I’m learning a bit about politics. The US Senate passed a bill the other day to make it virtually impossible for persons without proper documentation to cross the line between our nations. They say they want a perfectly tight border before they give anyone inside even a little light toward citizenship.
There is no tribute to immigration or to immigrants in this hateful mentality. It’s just spending money to keep people and peaceful unity out. Imagine what $30 billion could offer people in need? Instead the Senate seeks to lock the door for those already here and to lock out those who might have inspirations.
Mario Schjetnan, a Mexican landscape professional who designed the smaller tribute, is praised and rewarded for his designs; they draw awe and inspiration from near and far. I can’t help but think of how much this country, my adopted country, loses by being so focused on false security just so that it can punish those yearning to be free. Lady Liberty should put down her words.
It’s a sad day for immigrants on the border front. Unless those immigrants happen to be in love with another of their kind.
For all the bad that the Senate did with the immigration bill, the Supreme Court did the reverse and opened more paths through these same kinds of walls, inviting stronger, more loving relationships.
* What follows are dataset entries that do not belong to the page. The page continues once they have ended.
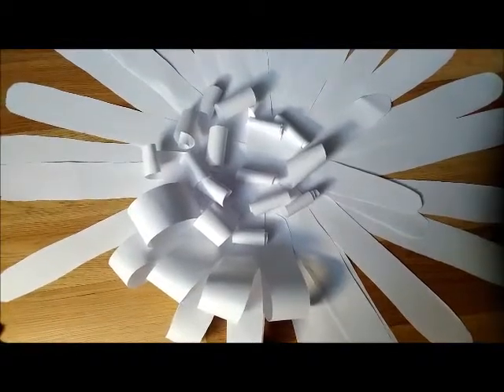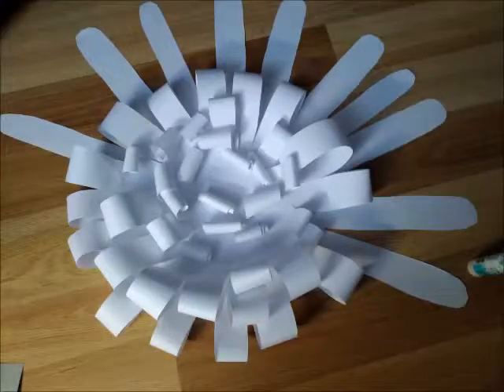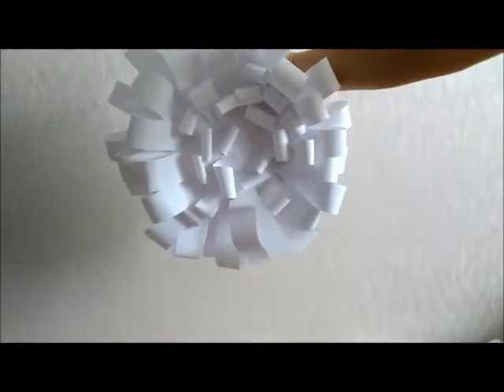И вот промежуточный этап — что пока получилось. Вот такой вот цветочек из офисной бумаги у нас получился.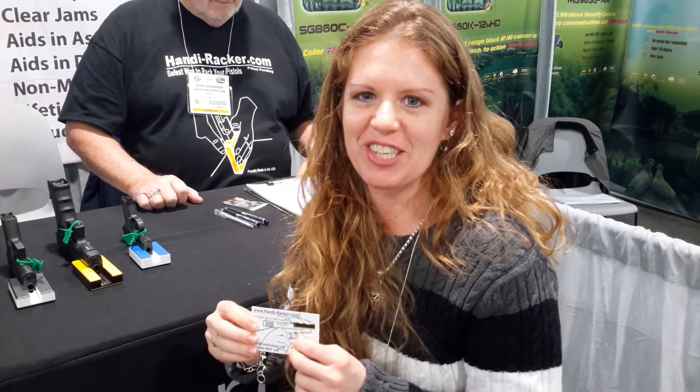Do you want to check them out? HandyRacker.com — thanks so much. Shotgun Shani out. And it's nice to see that I can do it with no table as well.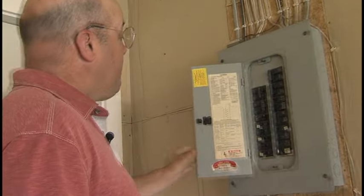Look inside to find any breakers that have tripped to the off position. To reset the breaker, simply turn it back to the on position. To reset your main breaker, simply turn it off and on two times.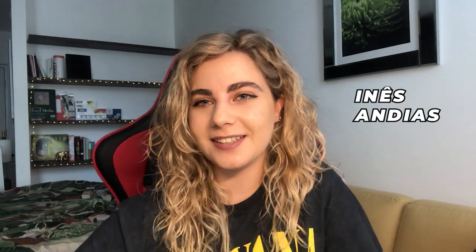Hi guys! My name is Ines. I'm an artist and illustrator and I'm here because I want to talk to you about something that I just bought that I think is very cool and didn't know it existed until a few weeks ago.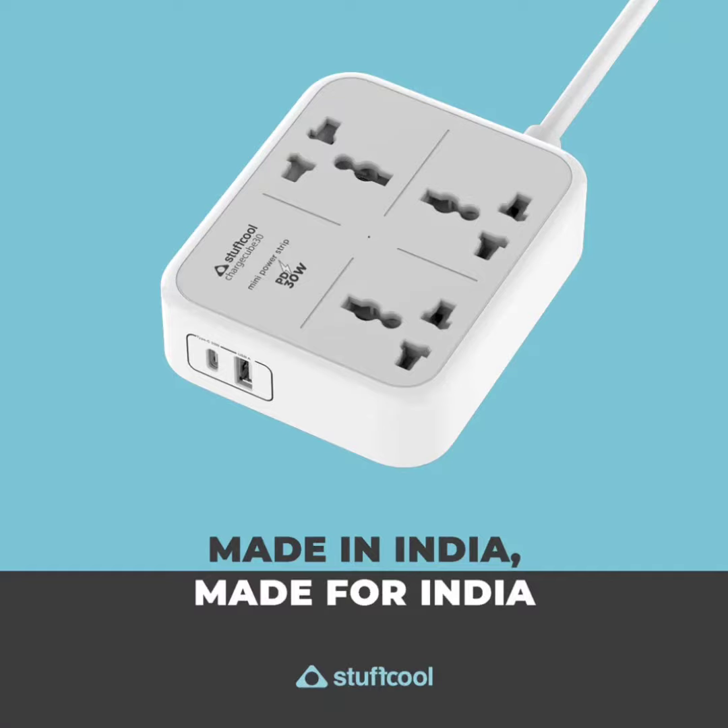Stuffcool ChargeCube Mini Power Strip with 3 AC Sockets and a 30W Type-C Port has been launched in India. Stuffcool recently launched the Ali 10,000mAh Power Bank in India. The homegrown brand, known for its cool-looking accessories, has launched a new charging device — the ChargeCube Mini Power Strip.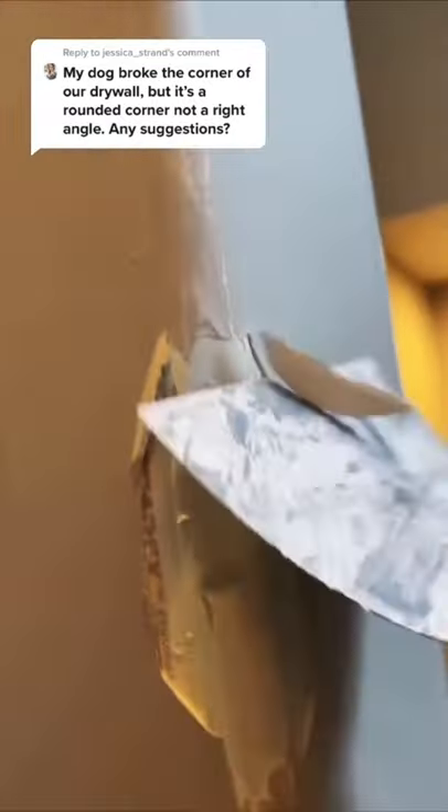Hey guys, Mr. Jalapeno here with another little drywall DIY. So for today's little project, I'm going to be showing you how to repair a dent on a bullnose corner bead.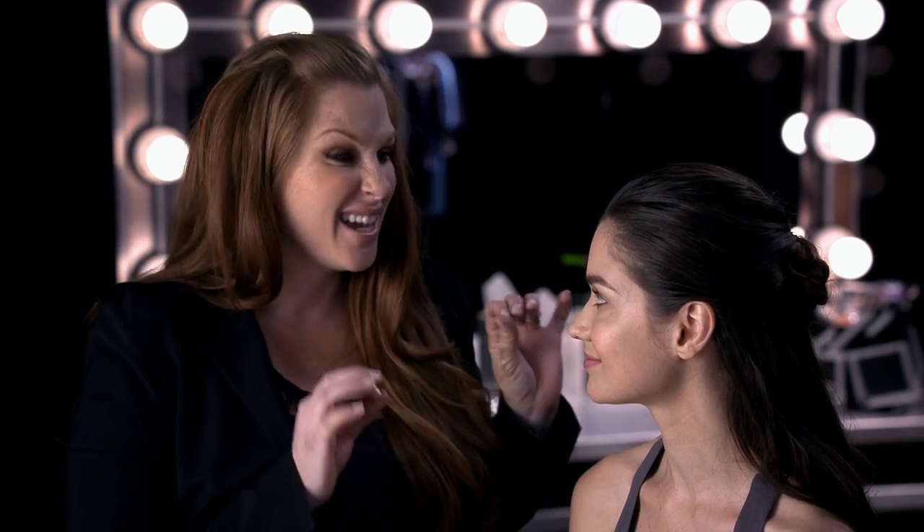And there you have it — a natural and easy look you can achieve that lasts all day long. Thank you.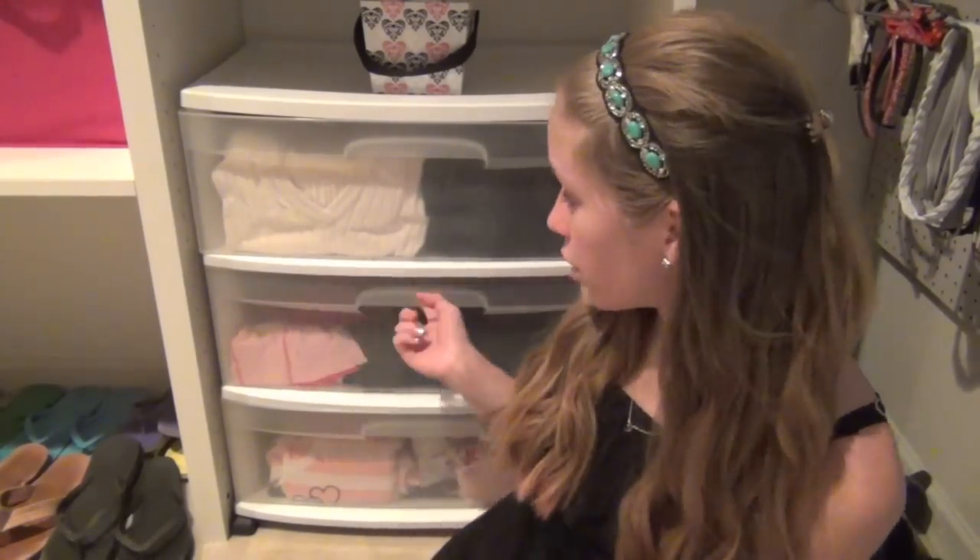Hey guys! So today I'm going to do a DIY video on how to spruce up your boring drawer things.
Whether the justices wanted it or not, what they did will ensure that there are no walls and no borders between the men and women of different nations who wish to celebrate their same-sex unity.
The Supreme Court has blown a whole in the DOMA wall that tried, stupidly, to keep gay and lesbian couples from being equally rewarded with spousal benefits. Taxes and money are the focus. But doesn’t this mean that it will be necessary for these couples to take advantage of shared citizenship? If I marry an American man, shouldn’t I be just as much of an American spouse as any other married heterosexual person?
I think the answer is yes. I think citizenship benefits are going to become part of the package of what it might mean to be a Mojoda (a female Mexican border crosser), who came here as a strong and committed women, only to fall in love with another woman. Now, even with DOMA gone, she will be freer and whole with her love, but she will still have to look back and see the ugly secure wall the US wastes money on. Take a look at Schjetnan’s small tribute. Notice the curves, the openings, the places where those with the ideas can reach over to those who love the artists and those they love and admire?
This is the American cornerstone, and neither the Senate nor the Supreme Court should feel good about what they have done. But we must make the best out of what we have and the tribute of a lifetime of marriage is one place to start.